For a short period of time I served on our local Water Conservation Committee and about 5 years ago we spent about $14 million to improve our water treatment facilities and now most of our schools and golf courses use treated wastewater. And our community water conservation programs have resulted in a further 23% reduction of water conservation.
Your desired rate increase on farmers of from $160 to $900 to me to be some type of punitive reverse psychology rate hike technique which for the most part has been shown to be ineffective and will raise the cost of food for everyone which really accomplishes nothing. You do not motivate people by punishing them. That just creates more division between the people and angers everyone involved who need to be working together to accomplish some goal. It is pure insanity for charge some Arizona farmer a high price for water from the Colorado River when the people in California who get their water from that same river and are still watering their lawns. It’s insanity for the Indian tribes to suck water out of the Colorado River to flood alfalfa fields while people are still using evaporative coolers instead of high efficiency AC units. We have had far too much division over the last 8 years or so and it seems that most conversations on the internet sound more like hate speech than people looking for solutions. If you want to create a level playing field that ends up creating an effective water conservation plan for the Southwestern U.S. then EVERYONE from the President on down needs to be involved. The American people once worked together to solve problems. Now it seems we just fight and call people names.
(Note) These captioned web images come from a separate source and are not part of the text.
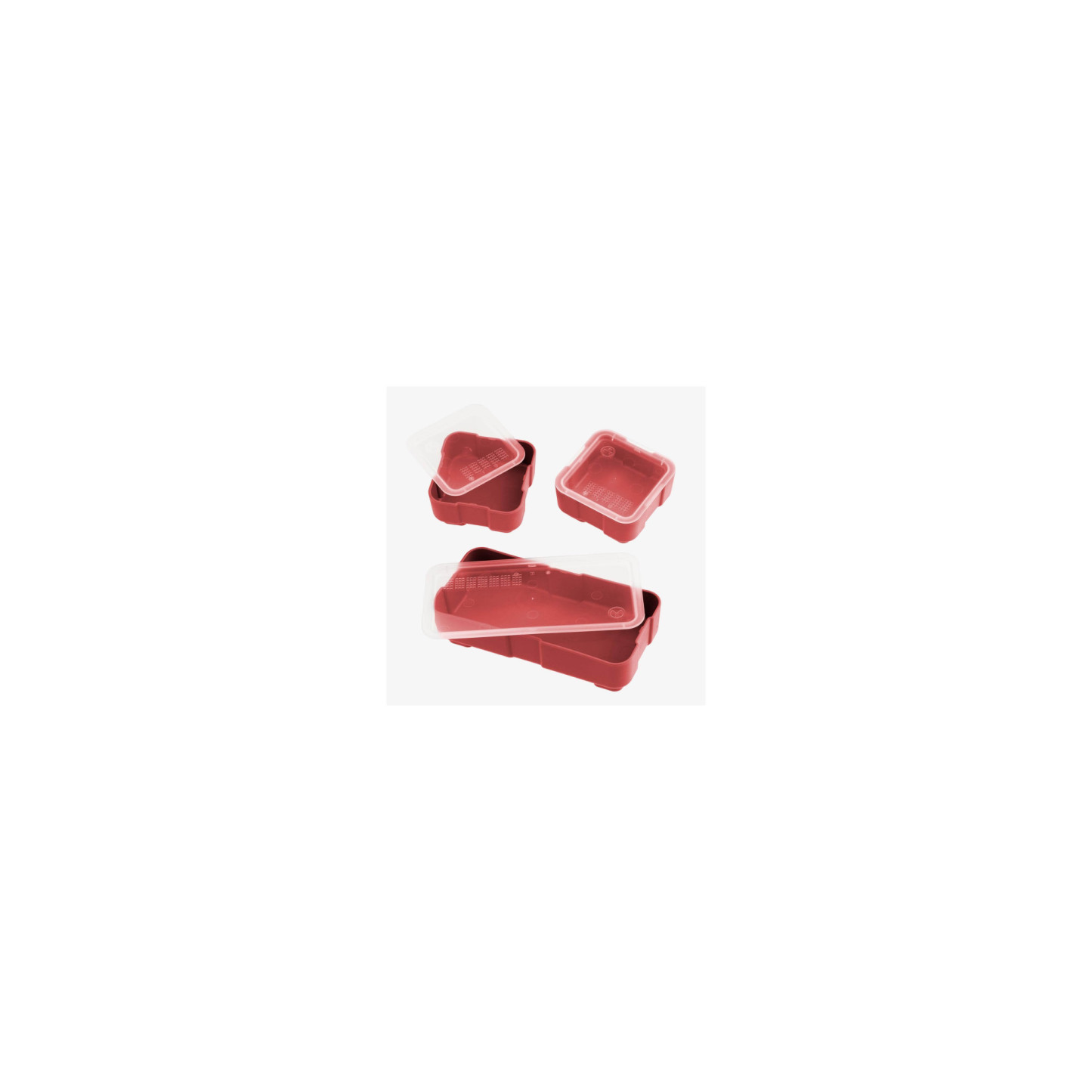 MPIMAG1389-RED_1_HR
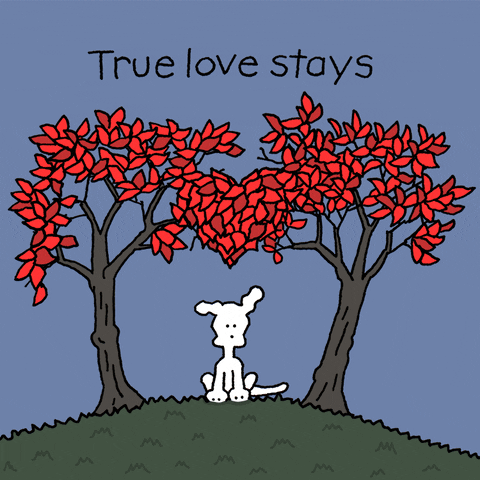 True Love My Heart Is Yours GIF by Chippy the Dog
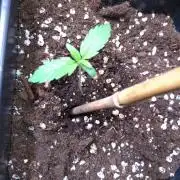 Strawberry Cheesecake Auto Barneys Farm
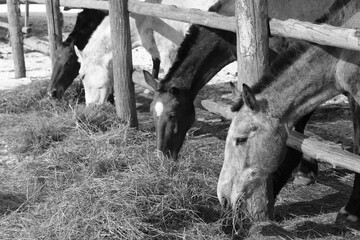 Retro-style black and white photo of thoroughbred horse symbolizing the 2026 New Year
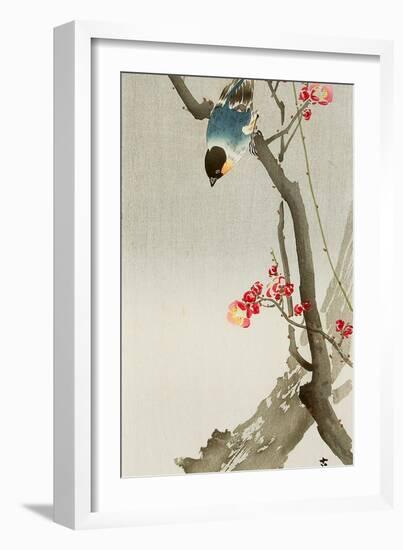 Blue Bird on a Plum Tree-Koson Ohara-Framed Premium Giclee Print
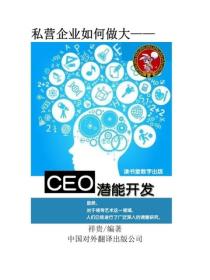 CEO潛能開發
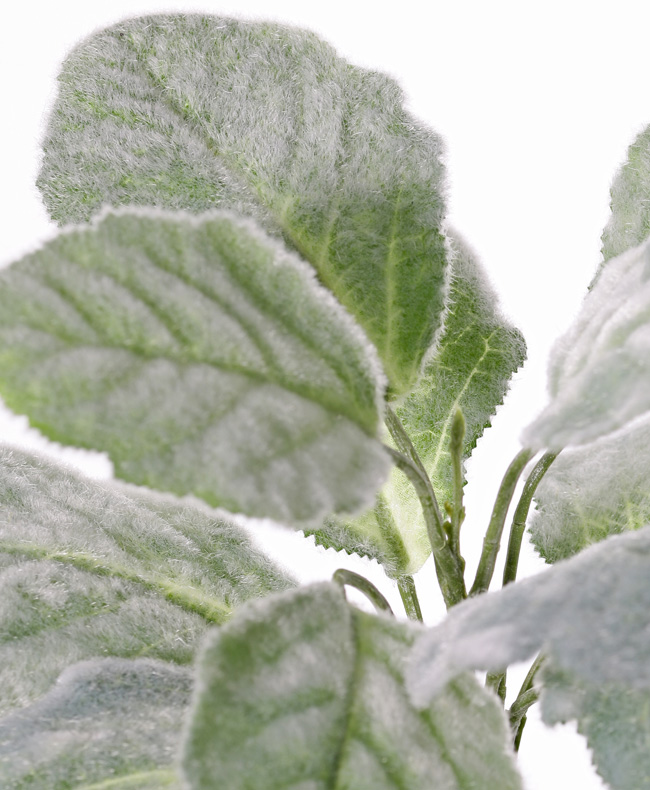 Plantas de Salvia argentea, la Salvia de flores blancas en maceta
So here are some of my solutions.
1. Build no more coal, natural gas, nuclear or any other type of power plant that uses water to cool the power plant.
2. Remove all Air Conditioning or Heat Pump units from the roofs of homes. Installing AC units on the roofs of homes reduces their efficiency by not less than 10% and results in more energy from power plants.
3. Eliminate the manufacturing of the upright washing machine and only sell horizontal machines. This would save millions and millions of gallons of water
4. Require all pool builders to install an automated pool cover mechanism to reduce evaporation.
5. Start stressing the need to conserve water and the beauty of decorative low water consuming landscaping in every city by promoting decorative rock and low water plants.
6. Begin the manufacturing of only “inverter style” AC/Heat Pump units which are 50% more efficient than old reciprocating or scroll compressor units. This should be combined with number 9.
7. Plan and advertize that water rates for homes with laws will have their water rates increased 10% per year for the next 10 years. These rate increases would begin in 4 years. This does NOT prevent someone from having a lawn if they want one. They are just going to pay more.
8. Meet with all of the Indian tribes and establish reasonable transition plans to better water conservation.
9. Stop the manufacturing of evaporative coolers which can use up to 12 gallons of water per hour. Replace these evaporative coolers with 20-23 SEER High Efficiency AC/Heat pump ground mounted units. The homeowners will end up paying less to maintain a comfortable temperature level in their homes.
Get the point? It’s not just about the farmers! It’s “we the people” who need to make this happen and of course our farmers can become more efficient. But raising their water rate more than 5 times is not what I consider to be a valid solution.